Back to the customer I spent the day with, they got this completely. A mid-range RAID box is all you need. Even an entry RAID box (like IBM’s DS3400) is perfect for an intelligent head or appliance like SVC. Here you have RAID in a control unit that pretty darn cheap when it comes to storage, but can max out the 48 15K drives it supports. Perfect. No need for expensive controllers, just use the RAID and the secondary caching in the DS box and let the head – or virtualizer do the advanced stuff. Only pay for the advanced stuff if you want it. Thats commodity to me, and lets face it today RAID is a commodity. Almost every PC motherboard has it built in and pretty much expected. OK, so the RAID algorithms on a far eastern PC motherboard aren’t quite the same as RAID in a storage controller, but you get the point.

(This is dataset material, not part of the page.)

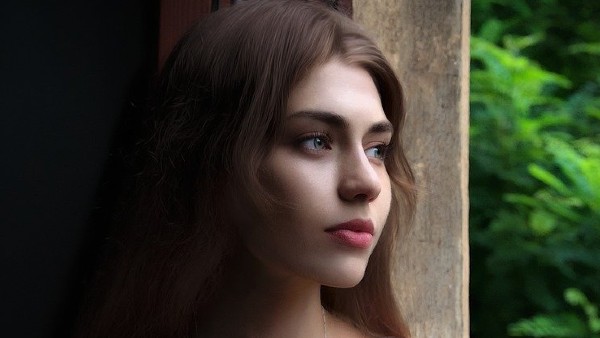 বৃষ রাশি বৃষ রাশি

I spent most of the time discussing the internals of SVC, how it processes I/O, why the internal architecture is designed to be flexible, allowing new components to be added without regressing other areas and then we went into some performance guidelines and best practises. Only a few minutes were spent discussing the storage they have today. A lot of Clariion, and EMC were pitching DMX as a solution for ongoing growth, but the workloads involved had nowhere near the performance requirements a monolith can provide (from any vendor) – hence why IBM won the bid last year with SVC and some DS4700 storage (which he commented was performing amazingly well for a mid-range controller at that price – but then I guess it depends on where you are coming from) The growth (as we all know) is ongoing, and especially so for the type of data this customer is storing, but he commented that the days of buying anything like a DMX or DS8000 are long gone for them, and SVC with whoever’s mid-range controllers were offering the best price/performance/capacity as they grow in the future were they way forward.
This is truly commoditisation at work, not only reducing the cost of the raw TB used, but enabling an open and wide choice of future purchases for the “commodity” that is storage.